→ **Work instructions**
All lines below starting at the one that holds "Photo of Frank McLeod Flowers Jr., MD" and ending at the one that holds "Game Pass Thumbnail" should be printed exactly, ends included. Pictures should not be printed, nor anything else.

→ **Data in this exercise**
☆ ☆ ☆

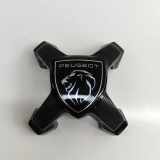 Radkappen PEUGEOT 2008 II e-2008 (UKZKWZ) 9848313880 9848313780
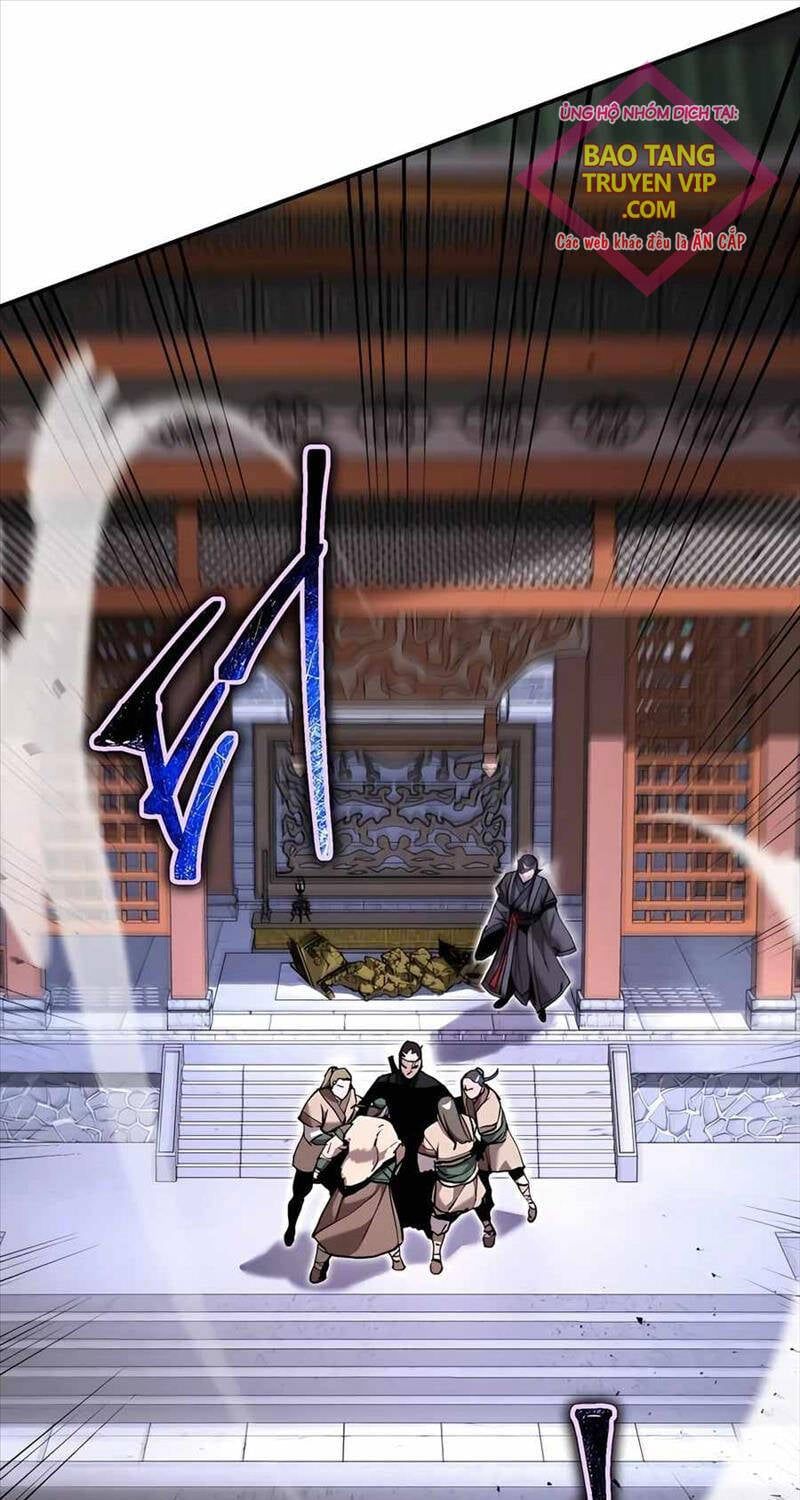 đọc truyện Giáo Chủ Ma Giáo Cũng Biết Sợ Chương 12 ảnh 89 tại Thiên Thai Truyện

☆ ☆ ☆

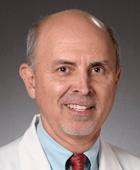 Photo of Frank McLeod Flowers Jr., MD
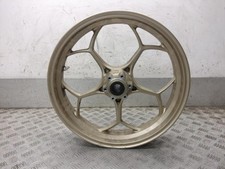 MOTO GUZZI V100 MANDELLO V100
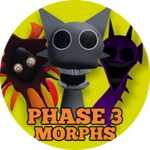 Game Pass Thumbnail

☆ ☆ ☆

→ **Written solution**
 Photo of Frank McLeod Flowers Jr., MD
 MOTO GUZZI V100 MANDELLO V100
 Game Pass Thumbnail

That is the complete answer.